Los informes de todos los observadores coinciden en subrayar la falta de libertad de comunicación cada vez más acusada desde que Chávez llegó al poder. Freedom House  cataloga a Venezuela como país “not free” en el capítulo de Prensa y como “partly free” en la esfera de Internet. Reporteros Sin Frontera la sitúa en el puesto 117 entre 179 analizados, condena “la estigmatización de los periodistas según el medio al que pertenecen” y denuncia que “el Estado ha convertido las críticas al poder en ‘insultos al pueblo’ y además utiliza los medios públicos abusivamente en la guerra mediática”. Human Rights Watch explica en un informe titulado “El legado autoritario de Chávez”, que “incrementó radicalmente su capacidad de controlar el contenido de los medios de radio, televisión y prensa” y “sancionó leyes que ampliaron y endurecieron las penas previstas para quienes emitan declaraciones que ‘ofendan’ a funcionarios públicos, prohíben la difusión de mensajes que ‘fomenten la zozobra en la ciudadanía’ y permiten que el gobierno suspenda arbitrariamente canales de televisión, estaciones de radio y sitios web”. Y el Comité para la Protección de los Periodistas  insiste en que “continuó su sistemática campaña contra la prensa crítica mediante iniciativas legales, amenazas y medidas regulatorias, a la vez que inundaba las ondas radioeléctricas mediante su imperio de medios estatales”.

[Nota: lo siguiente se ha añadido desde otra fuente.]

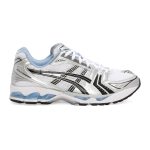 JJJJound x Gel Kayano 14 'White Baby Blue'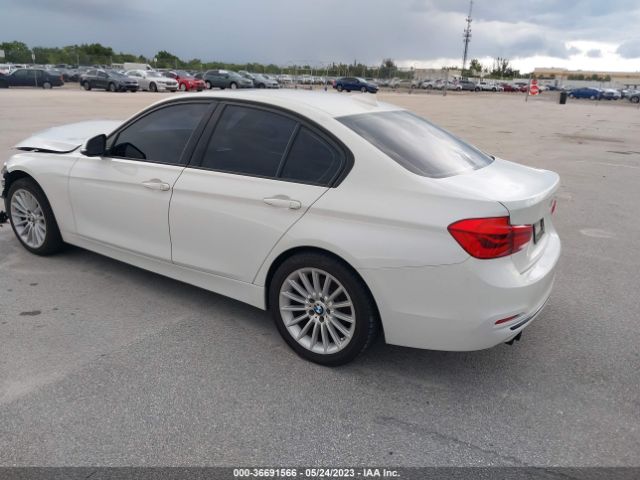 WBA8E9C53GK645799 BMW 3 Series 328i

Éstas son solo algunas gotas de una torrentera de denuncias a los métodos arbitrarios de Chávez, que han hecho de Venezuela un reducto peligroso para los derechos humanos, en el que además la gestión política no se ha ocupado de promover el trabajo y la iniciativa, ni de aprovechar en beneficio de todos los ciudadanos las enormes fuentes de riqueza que posee. Y pese a tan resonantes abusos y fracasos, ante el caudillo bolivariano algunos prefieren cerrar los ojos o mirar para otro lado.